ママさんのシャワーが終わったら僕もアカスリルームのシャワーを使わせてもらおう。その間に、ママさんがご飯を作ってくれるから、ちょうどいい時間になるはずだ。
なんかやばいなあ。。ママゴトになってきたよ。
そのアカスリ店の従業員の待機部屋で、持参した自分のノートパソコンを使って仕事をしながら待っていた。すると、ママが半分裸の状態(パンツだけで上は裸)で突然入って来た。
「げっ!何?どうしたん?」
「あんた、アカスリ、やってあげる。」
「今日は要らないよ。もう、この前、やってもらったし。」
「なんで?、ご飯食べる前に、普通、身体綺麗にするでしょ。」
「ごめん、ほんとにいいよ。お腹減ったし、すぐご飯たべたい。今度やってちょーだい。」
ママは気分を害したのか、「フン!」と言って、ご飯をつくるためにキッチンへ行った。
キッチンと言っても、このアカスリ店は何年か前に以前の経営者がスナックにもやっていたので、その当時に2畳ほどの台所を即席で作ったらしい。コンロが3つ、排気ダクトもちゃんと設備されていて、それなりの料理ができる。
たった一人の従業員、リリーちゃん
ママさんは料理の手際がよく15分くらいで作って、従業員の待機室に入ってきた。
「あんた、リリー、呼んできて。あの子もまだご飯食べてないから。」
僕はリリーちゃんの部屋に行った。ママさんは唯一の従業員のリリーちゃんに特別に1つの部屋を与えている。リリーちゃんに辞められると、この店はつぶれるから。
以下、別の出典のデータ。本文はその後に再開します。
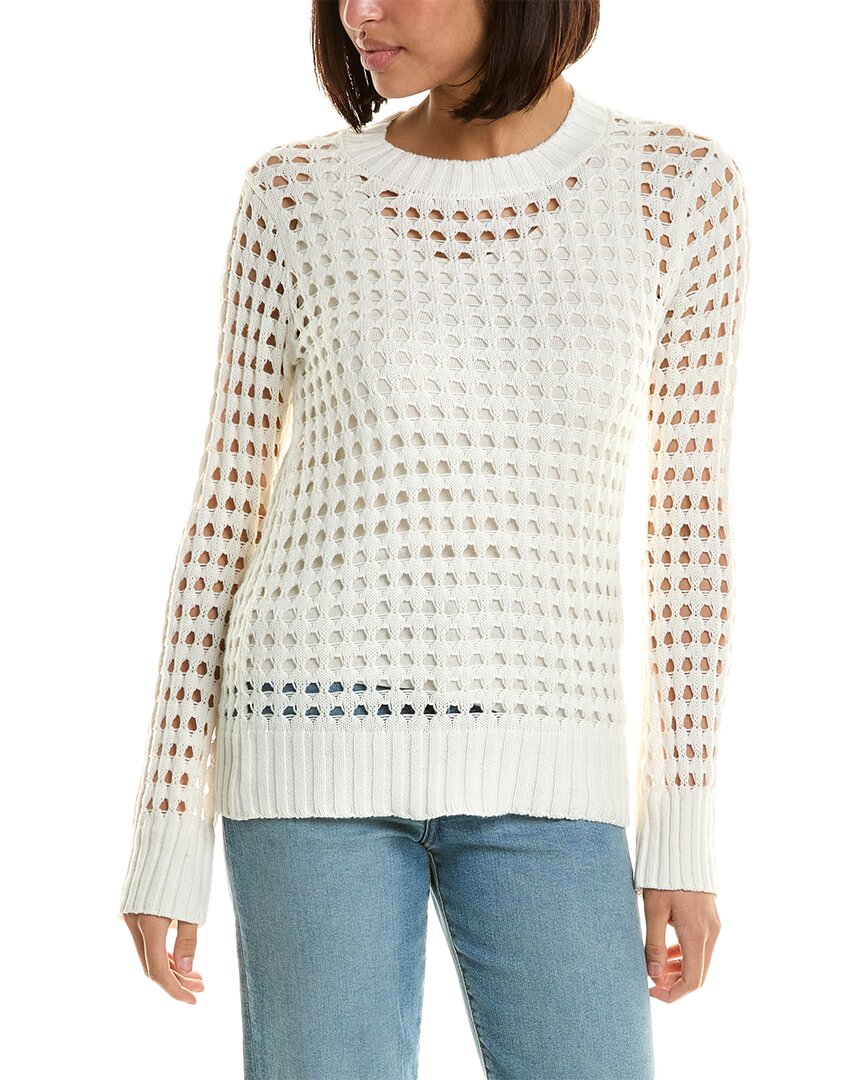 Shop Wispr Pointelle Classic Crewneck Silk-blend Sweater In White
ママさん、リリーちゃん、そして僕と部屋で遅い朝食をしながらいろいろ話した。僕はこの雰囲気が好き。なんか落ち着く。狭い部屋、小さいテープル、皆、正座しながら食べている。もし家族だったらこんな感じなのかなあ。
ママさんは、リリーちゃんに、
「この人、あたしがアカスリ、やってあげるって言ったのに、『いらん』って言うねん。」
「ママさんに丸裸でアカスリをやってもらうなんて今更ながら恥ずかしいよ。」(お客さんは紙パンツ必着です。これしないと店として違法です。)
実際、恥ずかしいというのは言い訳で、硬いタワシが自分の大事なところに当たるのを恐れているだけだ。
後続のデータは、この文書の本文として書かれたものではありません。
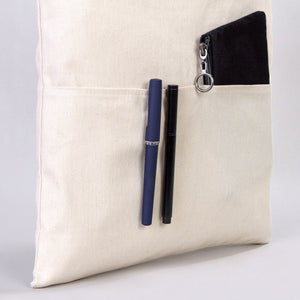 Blank Cotton Tote Bag with Inner Pocket 14"W x 16"H – Wholesale Plain Canvas Shopping Bag - Pamusan.com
以前、日本橋のアカスリ店のKちゃんにアカスリをやってもらったときも、「紙パンツ要らんやろ。」って同じことをことを言われたことがある。
ママさんは、
「あんたねぇ、紙パンツもコストよ。タダじゃないのよ。」
「確かにもったいないけどな。一回使ったら捨てるからね。」
「うちの店の紙パンツはトランクスのタイプや。あれ、一番値段高い。紐パンツのタイプにしようか?」
「安いやろうけど、アカスリのとき、危ない。」
「危ないってどういうこと?」
「履いてるかわからんような小さい紙パンツ、アカスリのとき〇〇〇に当たったら痛いやんか。」
「へえ~」
「男性客は嫌がると思うで。」
お腹が痛いリリーちゃん
どうでもいい話をしていると、性格的におとなしく口数の少ないリリーちゃんが、「ちょっとお願いがあるの。。あたし、、前からちょっとお腹が痛くて。。。入院したい。」
「へぇ?」
ママさんも僕も驚いた。リリーちゃんから何かを話したり、打ち明けることは珍しい。ママさんはリリーが店を辞めるかもしれないと思って、すごく心配顔になった。
大阪府共済組合
「あの~。保険、、、府民共済に入りたいんだけど、申込するのに一緒に来てほしいの。」
「いいよ。お腹のどの辺が痛いの?それ、いつから?」
ママさんと僕は心配になって、リリーちゃんに色々深く聞いた。要するに、入院するとお金がかかるので、予め保険に入っておきたい。リリーちゃんの友達が府民共済に入っていて、毎月2000円払えば、入院した場合、一日当たり10000円が補償されることを知った。リリーちゃんもそれに加入したい。書類を読んだけど、詳しく知りたいので、日本語の問題もあり、申込を手伝ってほしいとのこと。
リリーちゃんは、日本語を読むのはだいたい読めるが、日本語を聴くのが苦手。話すのはなんとか大丈夫。日本人の英語学習の状況と似ているような気がする。
「いいよ。手伝ってあげる。今、知ってる通り、大阪では特にコロナが蔓延してるでしょ。今、ネットで確認したら府民共済も対面式の加入相談や窓口を避けて、ネットでの申込を薦めてるよ。」
「インターネットで申込できるの?あたしのスマホでできる?」
「スマホ、持ってるんやったら、僕が変わりにやってあげるよ。でも、健康保険書とか免許書、銀行通帳、現住所を証明できるもの、持ってる?」
リリーおそらく何も持ってないのではないか。。それをなんとして申込をしてあげるのは、ちょっと面倒だなぁと感じていた。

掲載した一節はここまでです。